Die Fronten blieben verhärtet, eine Einigung kam, wie schon bei einem Gütetermin im vergangenen November nicht zustande. So musste ein Urteil her, in dem die Klage dann schließlich abgewiesen wurde. Ob die Argumente für Standls Standpunkt stark oder schwach waren, bleibt ungeklärt. Denn letztendlich scheiterte die Ex-Moderatorin an einer Formalie: Die Klage gegen ihre Kündigung und auf Weiterbeschäftigung war nicht fristgerecht bei Gericht eingegangen, wie Arbeitsgerichtssprecher Frederik Brand erläuterte.
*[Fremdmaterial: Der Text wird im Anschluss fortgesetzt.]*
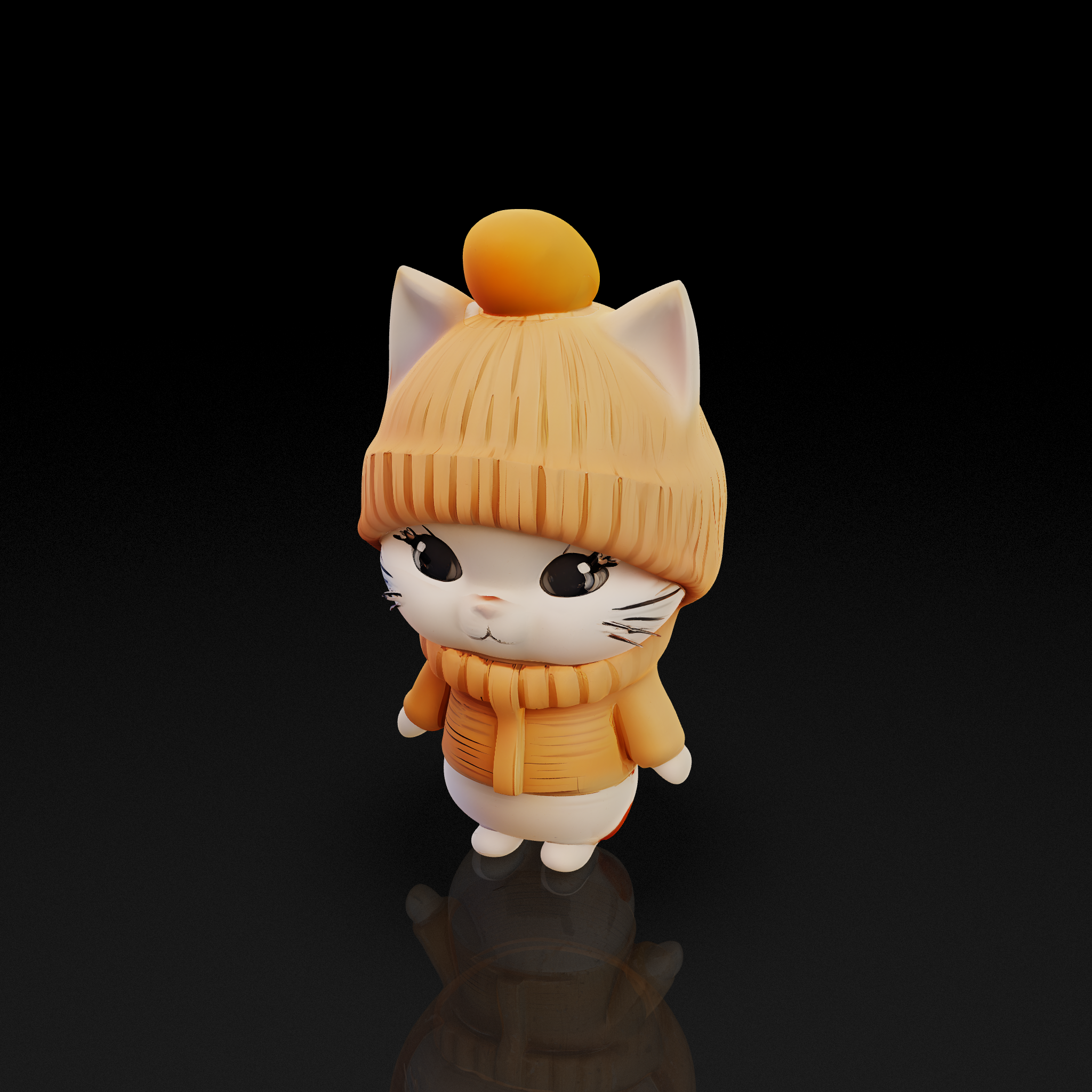 Orange Knitted Cat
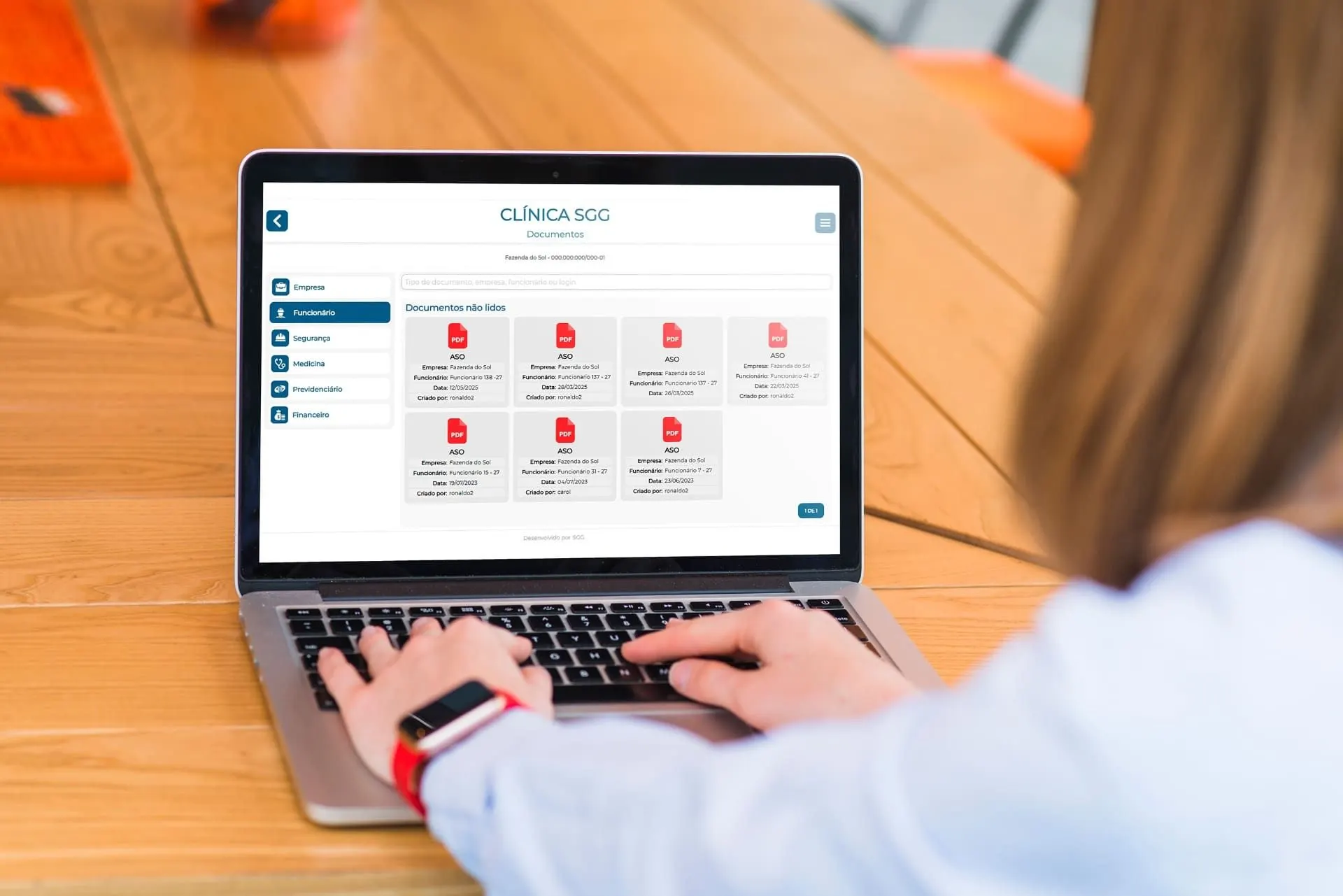 ASO - Atestado de Saúde Ocupacional - Software SGG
Spätestens drei Wochen nach Kündigung muss das der Fall sein.

Auch Standls Klage auf eine höhere Abfindung wurde vom Gericht abgewiesen. Standl hatte sich diskriminiert gefühlt, weil die Zeit ihrer zweiten Schwangerschaft 2000/01 nicht in der Abfindung berücksichtigt worden war. Darin wollten Standl und Bietmann eine Geschlechterdiskriminierung und somit einen Verstoß gegen das Allgemeine Gleichstellungsgesetz (AGG) erkennen. Doch auch dieses Argument verfing beim Gericht nicht. Aus einem einfachen Grund, wie Gerichtssprecher Brand erklärte. Das AGG war erst im August 2006 erlassen worden, konnte deshalb für Standl nicht greifen.